* **Assignment**:
Starting from the line with "Ortega RST5 Student", please copy exactly every line to the end of the listing, but not the pictures.

*** Opening of Given information ***

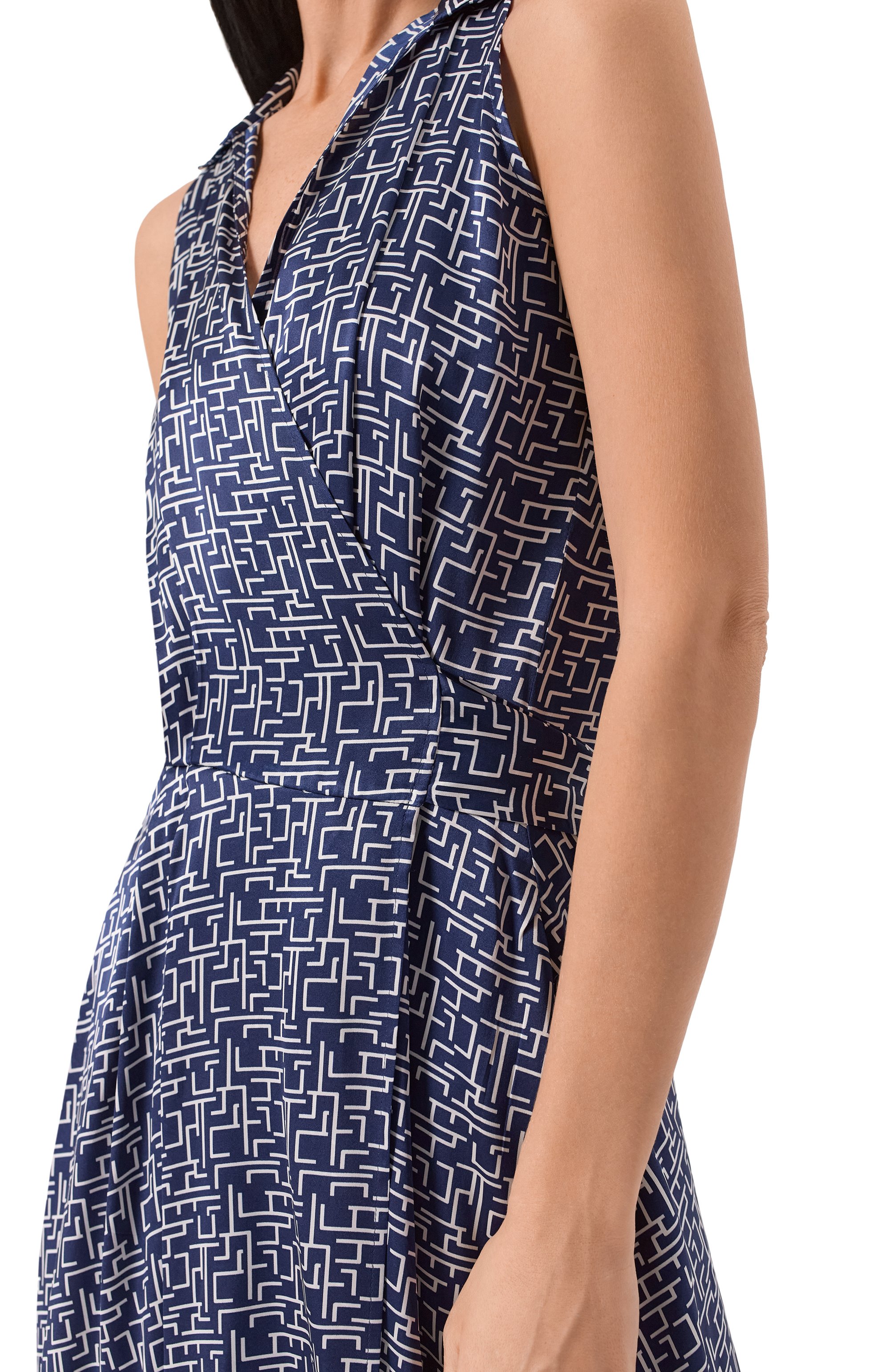 Атласное платье KITON синего цвета по цене 244000 руб., арт. D59305K0926E07, фото 5 Атласное платье KITON, арт. D59305K0926E07, фото 5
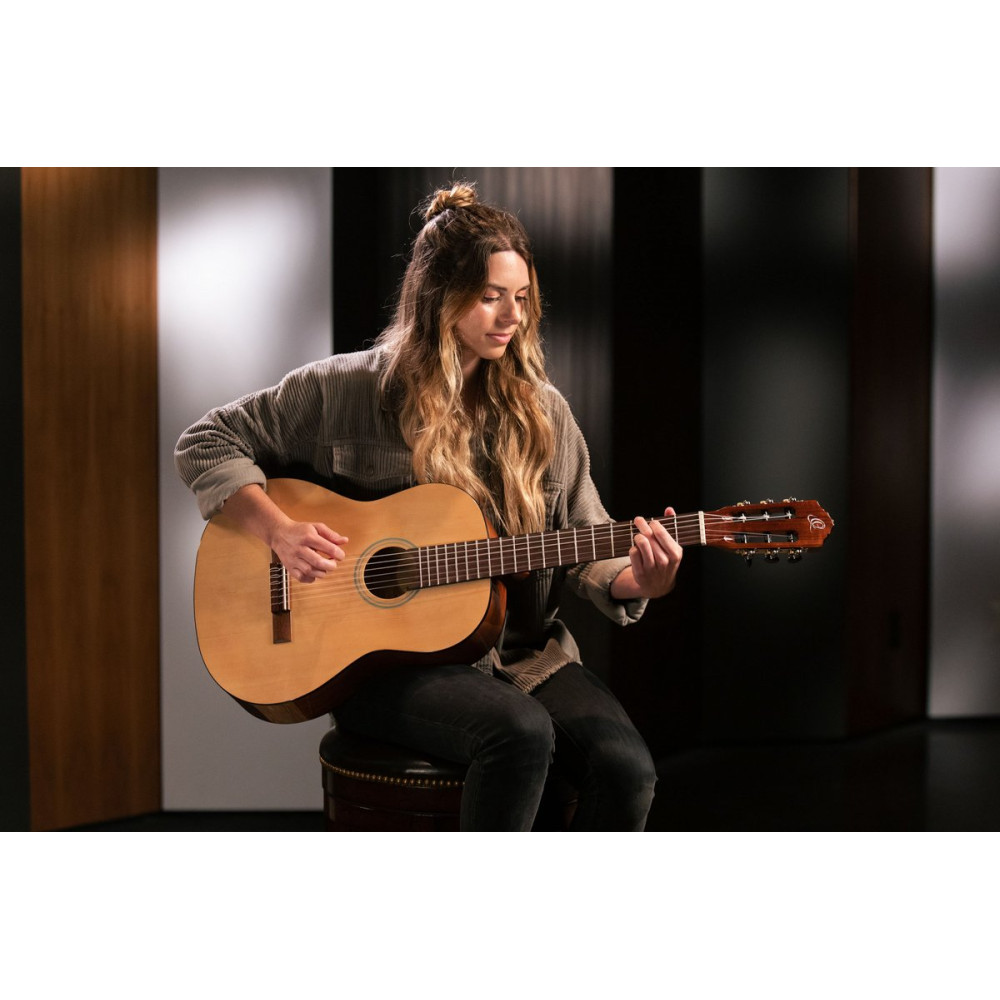 Ortega RST5 Student Series 4/4 Classical Guitar 6-String - Natural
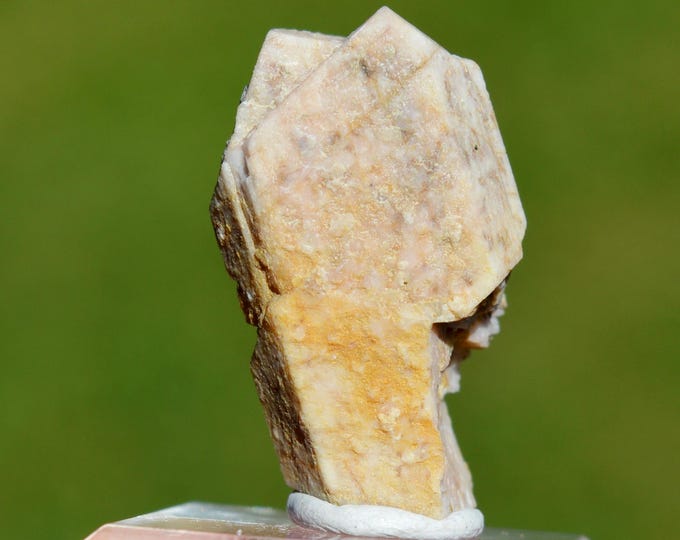 Orthoclase 7.2 grams - Four-la-Brouque ravine, Saint-Babel, Issoire, Puy-de-Dôme, Auvergne-Rhône-Alpes, France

*** Close of Given information ***

* **Output of the task**:
 Ortega RST5 Student Series 4/4 Classical Guitar 6-String - Natural
 Orthoclase 7.2 grams - Four-la-Brouque ravine, Saint-Babel, Issoire, Puy-de-Dôme, Auvergne-Rhône-Alpes, France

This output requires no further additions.